You are manipulating strings, witch need to be null-terminated.
You should use fgets(3) to get your string and then strlen(3) to get the length.
Then you can move in your string by
while (str[i] != '*' && i < strlen(str))
good luck
I am previously a java programmer, but I'm now doing a C course at university (computer science major).
I need the user to be able to enter 3 chars,the first 2 being numbers, and the last 1 being either 'v' or 'h'.
For example "1 2 v".
I need the user to be able to enter it with the spaces in between each character.
This is my current code:
void manageInput(char box[][width]){
char move[4];
char input[16];
while(1){
scanf("%s", input);
int i = 0;
while(input[i] != 0){
if(input[i] != ' ' && input[i] != "\n"){
move[i] = input[i];
}
i++;
}
printf("%s\n", move);
makeMove(box, move);
printBox(box, height, width);
// TODO
if(move[0] == 'x'){
exit(0);
}
}
}
However if I run it, it works fine when I enter the chars with out spaces like "12v", but If I enter "1 2 v", it will print out "1", call printBox, then print out "2", then print out box again, and so on.
If someone could explain what I'm doing wrong here, I would appreciate it.
If someone could explain what I'm doing wrong here, I would appreciate it.
The short story is: Your code doesn't fulfill your requirements. It simply doesn't do what you want it to do.
Your requirements are:
All fields must be one character. This requirement isn't fulfilled by your code. Your code will mistakenly accept multiple characters per field.
There must be one space (exactly one space?) between the fields. This requirement isn't fulfilled by your code. There might be multiple spaces between the fields, and your code will mistakenly accept that.
In fact, your code invokes undefined behaviour by accessing the move array out of bounds. Consider that as a consequence of one of the above scenarios i might become some value higher than 3. What might happen in this code: move[i] = input[i];?
Your code is also way too complex. All of your functionality can be performed by scanf alone. It's a very powerful function, when you know how to use it correctly... I suggest reading and understanding the manual multiple times, when you have an opportunity. You'll learn a lot!
I notice something you neglected to mention from within the logic you have presented: It's expected that the first field might also be 'x', which corresponds to an exit usecase. This is a bad design; the caller has no opportunity to clean up... but I'll run with it. You really should use return (and return an int value or something, corresponding to error/success) instead.

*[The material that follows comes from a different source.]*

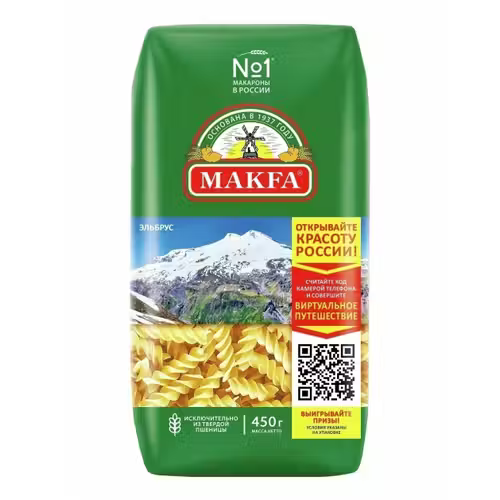 Макаронные изделия Makfa спирали 450 г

Let us caste that last paragraph aside, because we can simply consider 'x' to be invalid input (and exit as a result), and I don't want to change the contracts of your functions; I'll leave that to you. The expression described so far appears to be int x = scanf("%1[0123456789]%*1[ ]%1[0123456789]%*1[ ]%1[vh]", a, b, c);.

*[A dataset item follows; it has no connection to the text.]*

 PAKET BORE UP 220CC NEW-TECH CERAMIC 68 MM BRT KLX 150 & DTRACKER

Note that it is expected that a, b and c will have enough space to store a string of one byte in length. That is, their declaration should look like: char a[2], b[2], c[2];.
Make sure you check the return value (x, in the example)! If x is 3, it's safe to assume that the three variables a, b and c are safe to use. If x is 2, it's safe to assume that a and b are safe to use, and so on... If x is EOF or 0, none of them are safe to use.
By checking the return value, you can reject input that doesn't match that precise pattern, that is:
Fields that aren't exactly one byte in width will be rejected.
Too many or too few spaces will be rejected.
Something else popped up that you have neglected to mention, and it's also present within your code: Chux mentioned that you'll likely be expecting the input to be terminated with a '\n' (newline) character. This can also be implemented in a number of ways using scanf:
scanf("%1*[\n]"); will attempt to read and discard precisely one '\n' character, but there's no way to ensure that was successful. getchar would be more appropriate for that purpose; something along the lines of if (getchar() != '\n') { exit(EXIT_FAILURE); } might make sense, if you wish to ensure that the lines of input are perfectly formed and bomb out when they aren't... #define BOMB_OUT?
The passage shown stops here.